The Book of Genesis Illustrated – R. Crumb (2010)

 

            I was gifted this amazing book by my brother.  As a life-long fan of Robert Crumb and the big-butt, thick-legged femeninas he obsessively drew and lusted over, I wondered how his obsessive drawing style would lend itself to the stories contained within the Bible’s Book of Genesis.  As with any genius artist, the results are more enjoyable than the actual source material.

            The Book of Genesis is, like the rest of the Bible, a composite.  The stories told within it are drawn from so many ancient sources that the words of Genesis constantly contradict or negate each other.  For example, Genesis tells two different stories about the origin of the world.  In one, god created everything all at once, and seeing it good, created man to rule it all.  In the other version, told right after, god creates the universe bit by bit, day by day, until finally creating man on the 6th day, and resting on the 7th.  This contradiction is never explained by the devout, who parrot the Bible as a holy book directly transcribed from the mind of god, infallible in all ways.  These people are idiots, seeking to turn everyone else into the mindless drones they themselves have become. (To read a review of Isaac Asimov’s Guide to the Bible, where he discusses the many source materials for the sections of the Bible, click here: https://rxttbooks.blogspot.com/2014/09/isaac-asimov-tackles-biggest-book-there.html )

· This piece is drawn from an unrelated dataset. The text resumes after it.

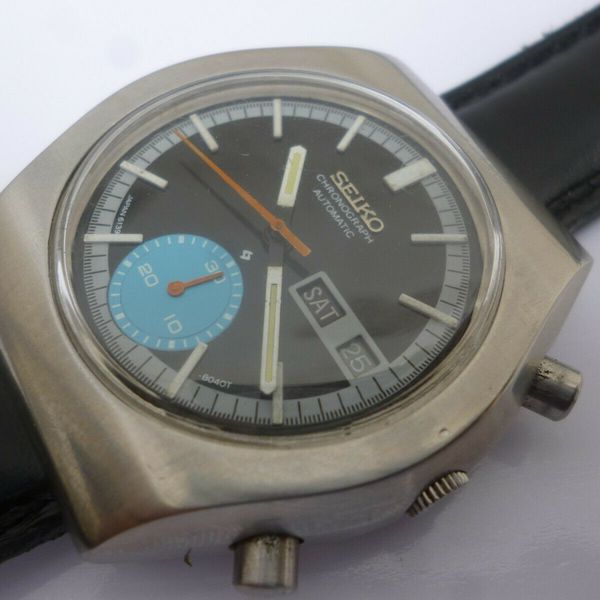 Seiko 6139-8029 - Chronograph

            Robert Crumb is a very interesting person to undertake this difficult task.  He was born to a Catholic household, but never sought religion or spirituality after his youth.  In fact, as a devout teenager, his father admitted that the Catholicism he raised the Crumb family under was a lie, and that he was an atheist all along, just pretending at religion.  Robert Crumb’s involvement in the underground comic books of the 1960’s helped make him a seminal figure in the alternative media world.  Nothing in his work of that period showed a predilection toward Bible subjects.

            One of Crumb’s collaborations, the many issues of American Splendor he drew for Harvey Pekar, pointed the way to how his art could serve the needs of a narrative structure.  Harvey Pekar’s work consisted of vignettes, detached scenes of his everyday life.  Crumb drew these scenes in his inimitable crosshatch, but without any of the sensational or outrageous imagery commonly associated with ZAP or WEIRDO comics.  It is this method he employs for the book of Genesis.

            What a beautiful book it is.  Each page, each panel, is carefully structured and drawn, allowing for maximum storytelling.  Crumb draws everything, even the preternaturally dull sections of Genesis listing endless “begets.”  His art does not editorialize.  It does not seek to magnify or diminish the words of Genesis, merely to portray them in a straight-forward manner.  As a life-long fan of the Illustrated Classics comic book series, I felt right at home ingesting the first chapter of the Bible in comic book format.  Those Illustrated Classics were my first exposure to Moby Dick, Robinson Crusoe, Robin Hood, and many other works of literature.  I can imagine this great book serving the same purpose for anyone interested in actually reading the Bible, instead of analyzing it for divine proclamations.  I also see it as a great stepping stone for other comic book artists to explore the canon of classic literature.  Robert Crumb has always kept himself at the leading edge of sequential storytelling art.  We are better off for it.

 

No comments:

Post a Comment

Any Thoughts?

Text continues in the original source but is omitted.